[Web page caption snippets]
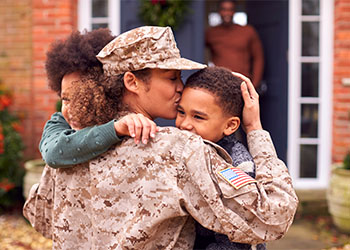 American Female Soldier In Uniform Returning Home To Family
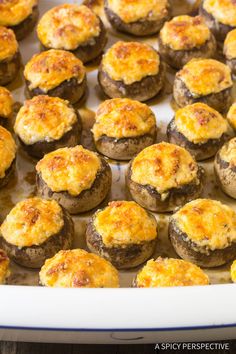 baked mushrooms with cheese on top in a baking dish, ready to be eaten or served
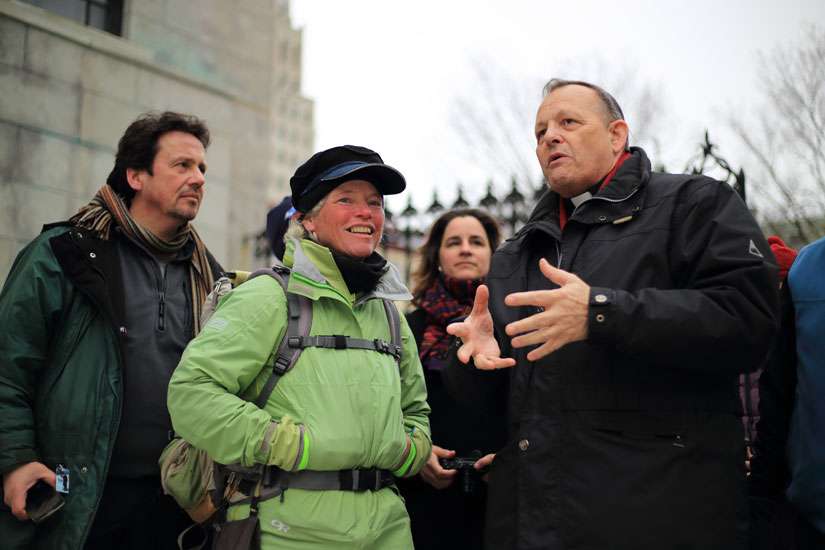 American pilgrim Ann Sieben is greeted outside the Basilica-Cathedral Notre-Dame in Quebec City by its rector, Msgr. Denis Belanger, on Holy Thursday, March 24.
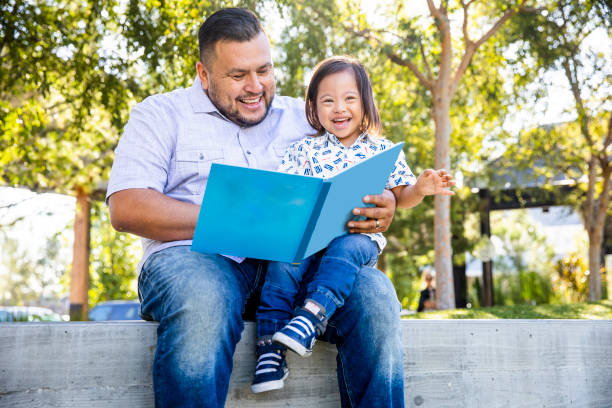 Dad Reading to his Son A mexican dad reads a book to his son.  The young boy has down's syndrome. guru photos stock pictures, royalty-free photos & images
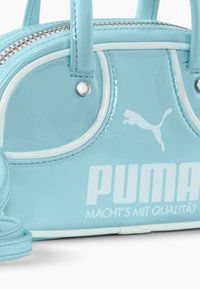 Svetlo modra lakirana torbica z belimi detajli, okrogle oblike, zadrgo za zapiranje, kratkimi ročaji in izstopajočim belim logotipom "PUMA".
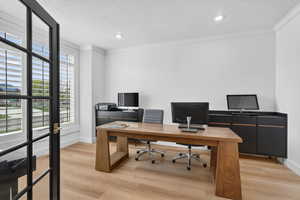 Office space featuring light wood-style floors, recessed lighting, ornamental molding, and a textured ceiling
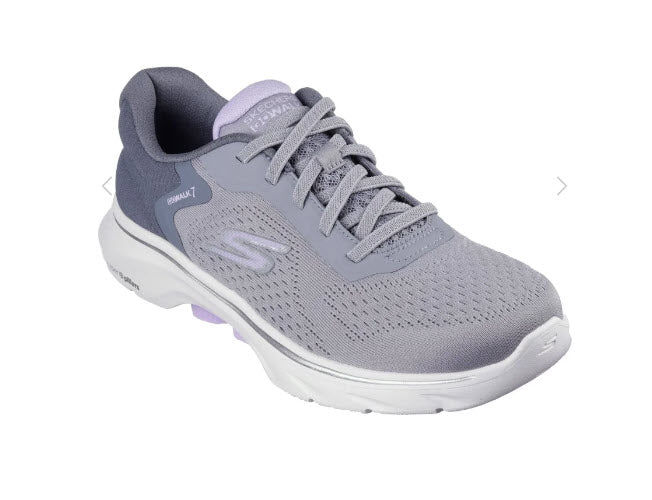 A pair of Skechers GO walk 7 Cosmic Waves walking shoes for women, featuring a gray engineered mesh upper with stretch laces, a Skechers logo detail, and purple accents.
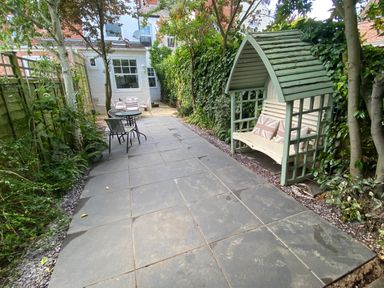 A backyard patio with a covered bench and two tables with chairs at Florence Villas in Worcester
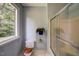 Cozy bathroom featuring a shower with glass doors, patterned wallpaper and a bright window at 3560 Nc 98, Youngsville, NC 27596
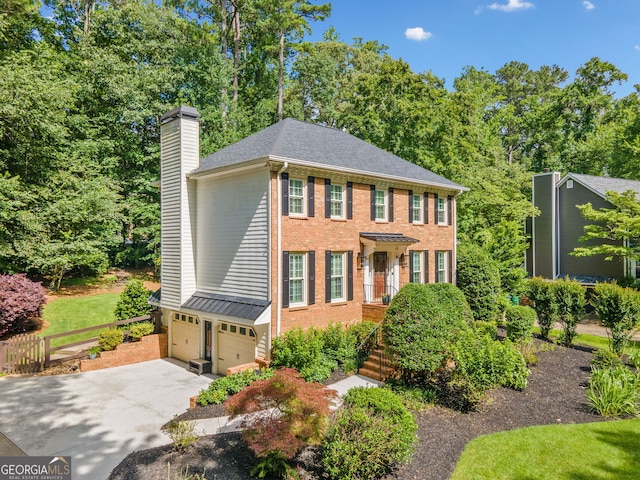 2502 Tritt Springs Trce NE, Marietta, GA 30062 - view of front of home with a chimney, an attached garage, brick siding, and driveway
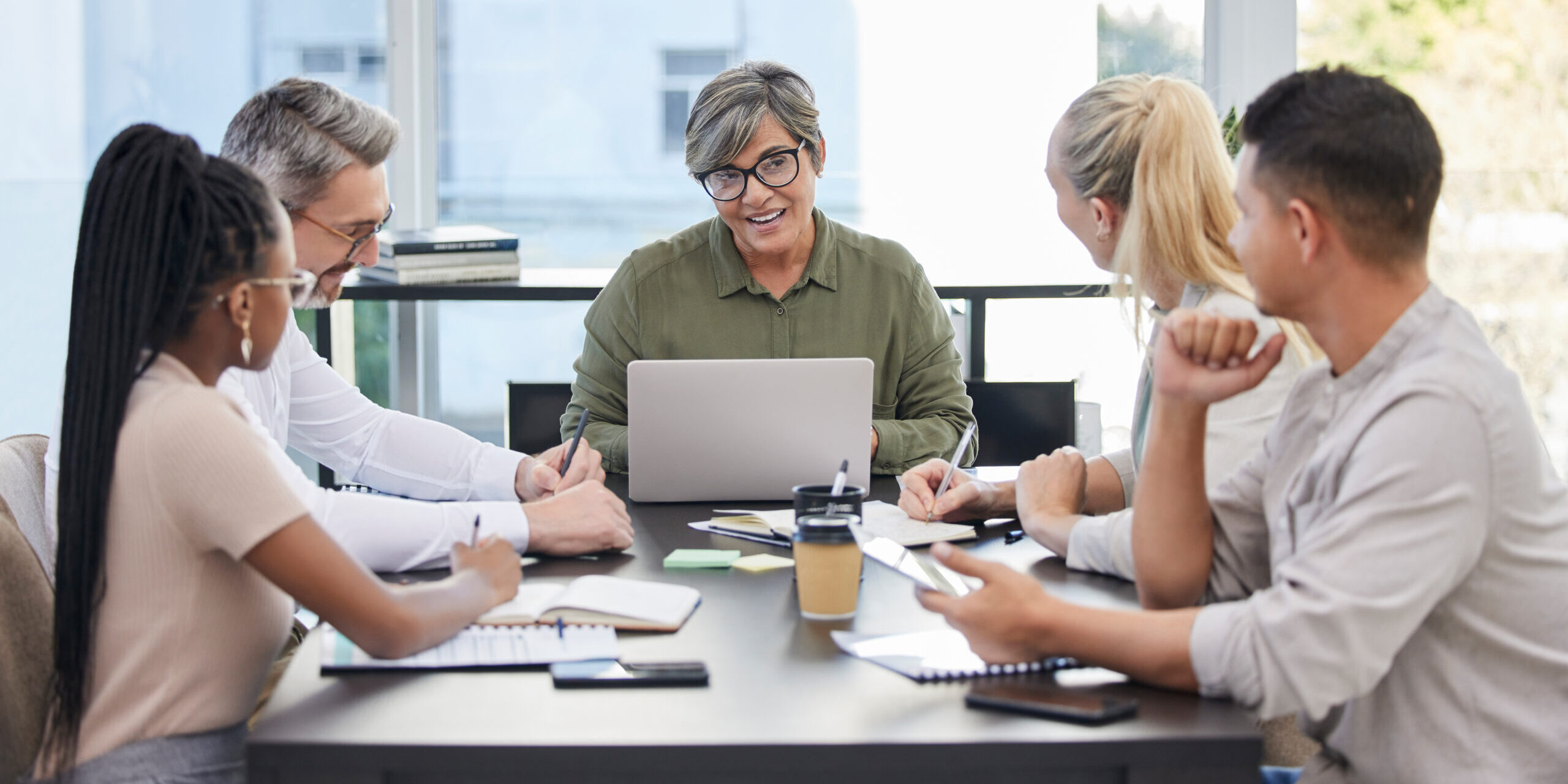 Im really loving this feedback. Shot of a team of business people having a meeting.
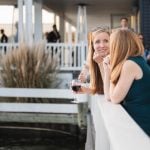 Two women enjoying wine at a wedding reception.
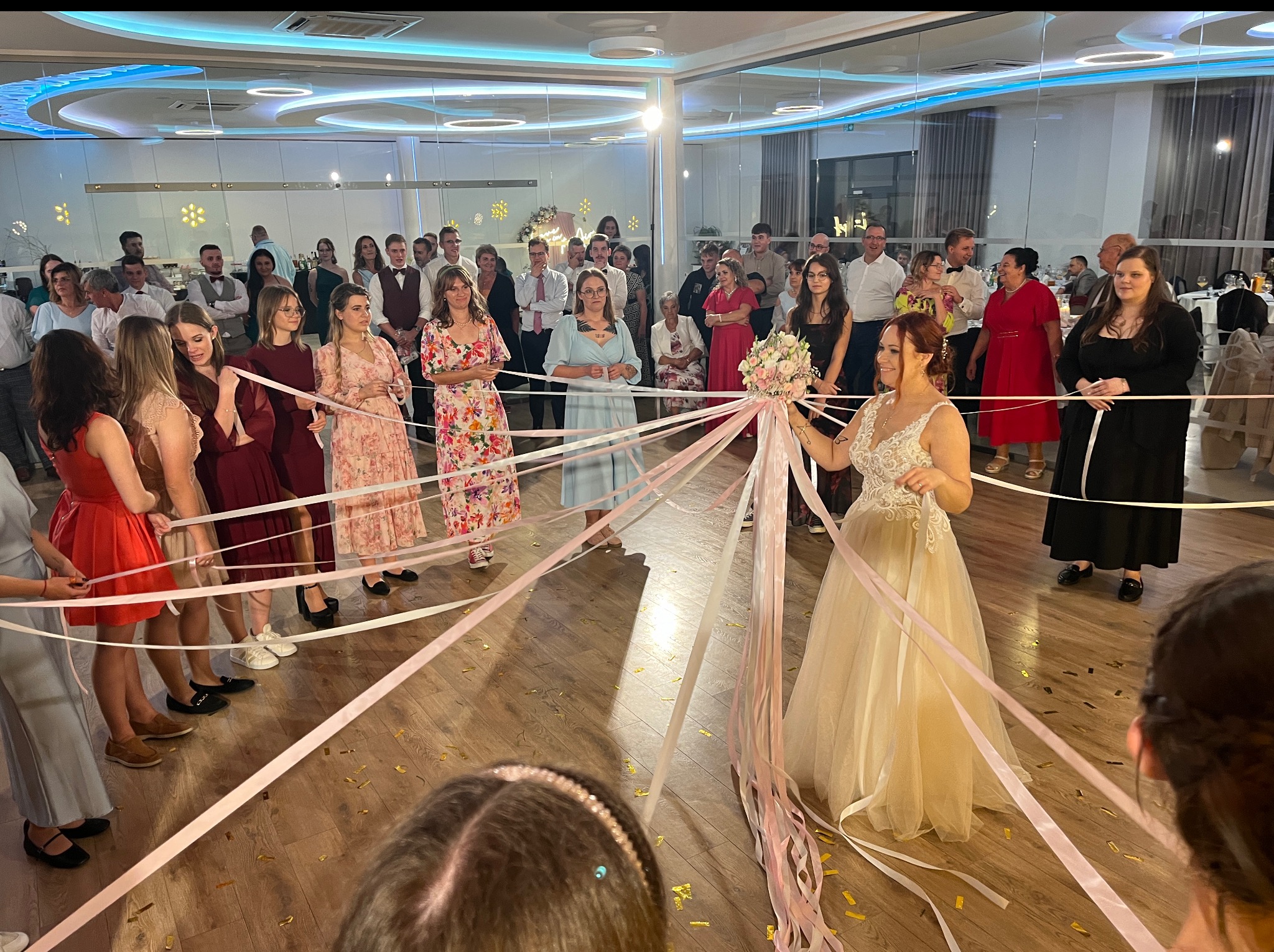 Panna młoda w sukni ślubnej podczas oczepin, trzyma bukiet, otoczona gośćmi weselnymi z wstążkami. Zabawa weselna w sali z parkietem i dekoracjami.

→ **WHAT YOU ARE ASKED TO DO**
Repeat only the lines from the line with "Dad Reading to" to the end of the entries, including both the first and the last line, and drop every picture.

→ **ANSWER BELOW**
 Dad Reading to his Son A mexican dad reads a book to his son.  The young boy has down's syndrome. guru photos stock pictures, royalty-free photos & images
 Svetlo modra lakirana torbica z belimi detajli, okrogle oblike, zadrgo za zapiranje, kratkimi ročaji in izstopajočim belim logotipom "PUMA".
 Office space featuring light wood-style floors, recessed lighting, ornamental molding, and a textured ceiling
 A pair of Skechers GO walk 7 Cosmic Waves walking shoes for women, featuring a gray engineered mesh upper with stretch laces, a Skechers logo detail, and purple accents.
 A backyard patio with a covered bench and two tables with chairs at Florence Villas in Worcester
 Cozy bathroom featuring a shower with glass doors, patterned wallpaper and a bright window at 3560 Nc 98, Youngsville, NC 27596
 2502 Tritt Springs Trce NE, Marietta, GA 30062 - view of front of home with a chimney, an attached garage, brick siding, and driveway
 Im really loving this feedback. Shot of a team of business people having a meeting.
 Two women enjoying wine at a wedding reception.
 Panna młoda w sukni ślubnej podczas oczepin, trzyma bukiet, otoczona gośćmi weselnymi z wstążkami. Zabawa weselna w sali z parkietem i dekoracjami.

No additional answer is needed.